Sometimes, the result isn't all that severe. At a roundtable discussion at Bloomberg View on Wednesday, for instance, Rendell urged the Obama White House to phase out all the Bush tax cuts over time (while letting those for the top end earners end immediately). This isn't the president's position (he wants to extend the rates for lower income earners indefinitely). But no one will particularly care or notice.
On occasion, however, Rendell's pronouncements can cause headaches. When Rendell was asked, at that same event, whether the president would win the Keystone State in November, his inability to answer with a definitive yes seems likely to create one of those instances.
"It's going to be a close election. The president is not going to do well in the west. He lost 11 of 12 southwestern Democratic counties in 2008, even though he won the state by 11 points," said Rendell, who was at the event to promote his book, "A Nation of Wusses." "I think he will improve the vote there because a number of them are construction workers, etc. ... and I think they know what is going on. I think he will do better there. But I don't think he will carry there. The election will be determined by basically the four Philadelphia suburban counties."
Will he win, Rendell was asked again. He paused for about five seconds, then offered the following:
He won enormously in '08. Clinton won twice, Gore won, Kerry won. Not by big margins. And Obama will probably, if you put the four counties together, he will carry. The question is will he carry enough. That depends on a couple of things. It really depends on how good Governor Romney's campaign is at Etch-A-Sketch. You know, that guy [Communications Director Eric Ferhnstrom] told the truth. You are all aware of that. He probably shouldn't have said it, but he told the truth.
I tell people Governor Romney's biggest liability in the primaries was that people really didn't believe he was a conservative. His biggest asset in the general election is people really don't believe he is a conservative. So will those moderate Republicans, conservative Democrats, independents in the Philadelphia suburbs vote for him because he is really a moderate who is going to govern in a moderate fashion? I don't know.

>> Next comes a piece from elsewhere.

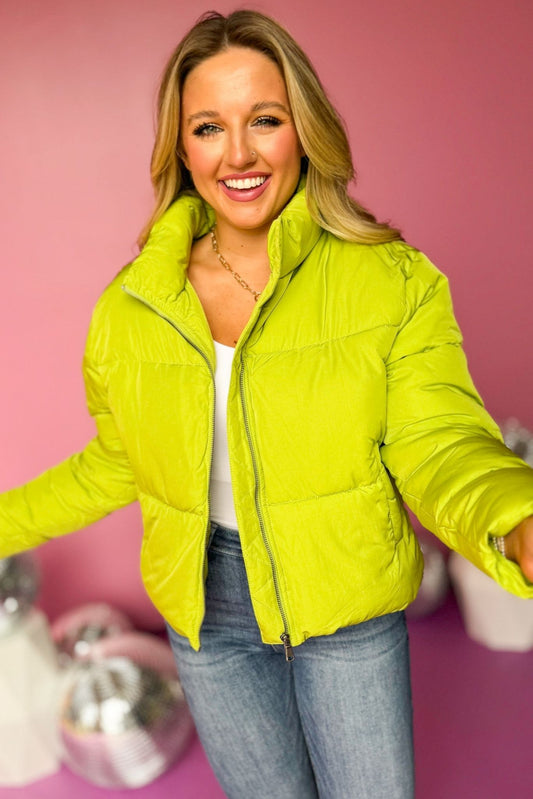  Lime Green Adjustable Drawcord Back Puffer Jacket, must have jacket, must have design, fall fashion, fall jacket, elevated style, fall style, elevated jacket, mom style, shop style your senses by mallory fitzsimmons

But I will tell you what I think in the end will determine how those people vote: one convention speech and maybe the first two debates. All the rest of it is noise. Our guys were moaning and groaning about Citizens United. Citizens United sucks. But in the end, by October, people will have turned out all that stuff. They are going to be so bombarded no one is going to be listening in October. And I think the debates are going to determine and the convention speech is going to determine who wins this election.
That didn't exactly answer the question. So it was asked again. "So bottom line, is Pennsylvania is in play?"

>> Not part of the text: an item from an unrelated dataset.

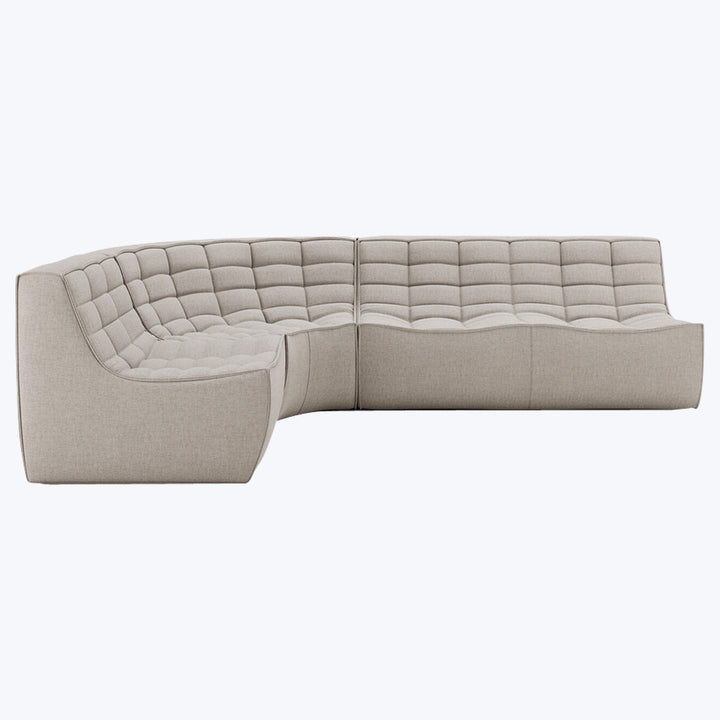 N701 Modular Round-Corner Sectional Left Facing / 4-Seater / Ecru Eco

"Oh, it is definitely in play," Rendell replied. He went on about how bizarre it was to read reports that Republicans weren't making investments in the state. "Can't be right. I mean why would you do that? And why would you make that judgment now?"

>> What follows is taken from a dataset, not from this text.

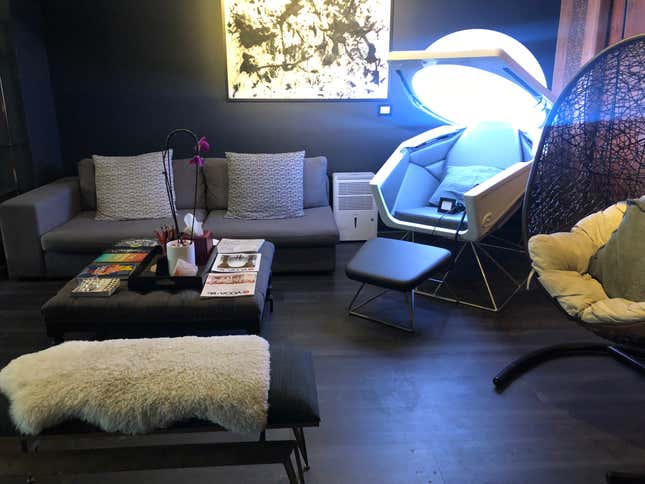 The reception area, and the meditation pod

"I think it is definitely in play," he said again. "I said from the beginning, Mitt Romney is the only candidate who had a chance to do well enough in the Philadelphia suburbs to carry the state. If I had to bet, I would bet he won't, because the president is going to do very well in the debate."
If Pennsylvania does indeed come down to the debates, the Obama campaign is in more political trouble than anyone envisions. The Huffpost Pollster average has Obama with a nine percentage point lead there. Rendell knows his state very well. But he also was a bit more skeptical of Obama's chances there in 2008 than reality warranted.
Getting up to go to another event, the former governor turned around and asked: "What will David Axelrod think of this?" He wouldn't hear from the Obama campaign strategist directly, he had noted earlier, because Axelrod no longer calls him to complain directly.